From Joe Posnanski at Hardball Talk on February 27, 2013:

Seven years ago today, I was sitting in a conference room above the Negro Leagues Baseball Museum in Kansas City with my friend Buck O’Neil. It was the day that the Negro Leagues Special Committee was announcing who it had elected to the Baseball Hall of Fame … and it was widely assumed that Buck O’Neil would be one of those elected.

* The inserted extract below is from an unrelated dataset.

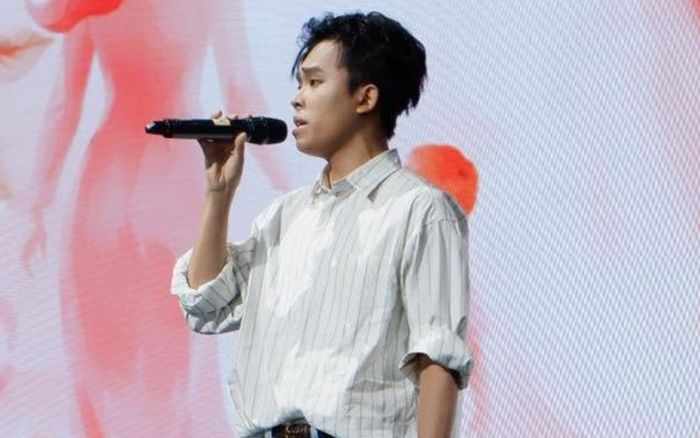 Hồ Văn Cường có hành động đặc biệt lúc biểu diễn, khán giả đồng loạt phản ứng mạnh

Maybe it should not have been widely assumed. The Hall of Fame case for Buck O’Neil is not a one-sentence exclamation. It is not “3,000 hits!” or “300 wins!” or “Hit in 56 straight games!” It is not simple or blunt or in-your-face. Buck’s case, like Buck’s life, is a patchwork quilt – he was a very good player (Negro Leagues batting champion in 1946), a very good manager (managed the dominant Kansas City Monarchs), a legendary scout (scouts, so far, are not elected to the Hall of Fame), the first black coach in the Major Leagues (for the Chicago Cubs), a joyous presence in the game (Ernie Banks said he learned “Let’s play two” from Buck O’Neil), the leading force in building the Negro Leagues Baseball Museum, an unmatched baseball storyteller and a tireless champion of the Negro Leagues and the game of baseball. It is a Hall of Fame case that, from above, seems breathtakingly simple and powerful and undeniable – he profoundly impacted the game of baseball like few who ever lived. The game, without him, would be so much less.

You have to see the whole thing, though.